Edgar et Louise Coulon. Une nouvelle génération chez Roger Coulon.
Edgar et Louise Coulon. Une nouvelle génération chez Roger Coulon. Roger Coulon

Cette génération, c’est celle de la fille et du fils d’Isabelle et Éric Coulon, Edgar et Louise. Pour Edgar Coulon, il s’agit surtout d’une continuité, comme une suite logique liée à une enfance bercée d’amour et de bons petits plats : « Avant d’aimer le vin, on aimait la cuisine, car on cuisinait beaucoup à la maison. Nous avons toujours vécu ici et on a été rythmés en fonction des saisons de la campagne viticole » se souvient-il. En précisant : « on a toujours eu le choix ».

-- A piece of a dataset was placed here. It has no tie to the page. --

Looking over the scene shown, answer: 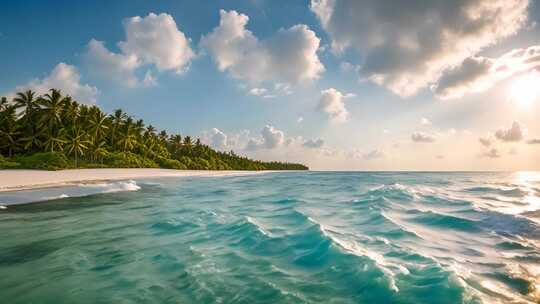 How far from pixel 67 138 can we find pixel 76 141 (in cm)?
289

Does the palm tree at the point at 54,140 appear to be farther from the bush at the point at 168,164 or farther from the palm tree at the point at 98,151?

Roger Coulon en quelques chiffres

 

  • 9e génération de vigerons
  • 11 hectares
  • 115 parcelles, terroirs dans les premiers et grands crus de la Montagne de Reims
  • Environ 80 000 bouteilles en fonction des années
  • Une dizaine de cuvées
  • 40 ans, c’est l’âge moyen des vignes avec encépagement à dominante pinot meunier (mais également pinot noir et chardonnay
  • 2019 : la conversion en bio

Nature et transmission

Désormais jeunes adultes, leurs positions comptent au sein des décisions familiales : « des décisions collégiales », précise Louise Coulon. Ce regard neuf associé à une expérience acquise ailleurs permet d’apporter une différence, même si la culture familiale n’est jamais très loin : « On partage des tâches, on échange, on dialogue, on est très souvent d’accord, et on arrive à facilement s’entendre ». Éric Coulon, quant à lui, se réjouit « jeunes, ils ont découvert qu’ils aimaient notre travail, désormais, ils apportent leur évolution tout en respectant l’histoire du domaine, c’est une phase magnifique ». Isabelle Coulon le souligne, « transmettre, c’est une vraie opportunité quand les successeurs s’engagent pleinement ». Une succession qui ravit, notamment pour Éric Coulon qui avait, lui, dû reprendre l’exploitation au décès de son père en 1982. « La force de mon handicap est d’avoir perdu mon père, c’est que je me suis construit plus vite ». Pour Louise et Edgar Coulon, évolution ne signifie pas révolution : cette transmission du domaine est surtout incarnée par ce lien fort qui les unit à leurs parents. Des parents qui leur ont insufflé le goût de la nature.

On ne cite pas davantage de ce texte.